▶ _Required work_: Retype each entry below exactly as it stands.

▶ _Records for this task_:
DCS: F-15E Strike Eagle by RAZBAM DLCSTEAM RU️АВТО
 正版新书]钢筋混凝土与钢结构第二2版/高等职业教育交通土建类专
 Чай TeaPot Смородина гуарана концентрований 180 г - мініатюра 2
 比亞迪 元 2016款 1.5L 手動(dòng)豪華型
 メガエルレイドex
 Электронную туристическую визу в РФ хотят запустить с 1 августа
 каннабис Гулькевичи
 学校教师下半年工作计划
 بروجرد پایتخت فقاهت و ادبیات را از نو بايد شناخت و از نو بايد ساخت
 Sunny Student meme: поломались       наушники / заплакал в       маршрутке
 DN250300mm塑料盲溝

▶ _Finished task_:
DCS: F-15E Strike Eagle by RAZBAM DLCSTEAM RU️АВТО
 正版新书]钢筋混凝土与钢结构第二2版/高等职业教育交通土建类专
 Чай TeaPot Смородина гуарана концентрований 180 г - мініатюра 2
 比亞迪 元 2016款 1.5L 手動(dòng)豪華型
 メガエルレイドex
 Электронную туристическую визу в РФ хотят запустить с 1 августа
 каннабис Гулькевичи
 学校教师下半年工作计划
 بروجرد پایتخت فقاهت و ادبیات را از نو بايد شناخت و از نو بايد ساخت
 Sunny Student meme: поломались       наушники / заплакал в       маршрутке
 DN250300mm塑料盲溝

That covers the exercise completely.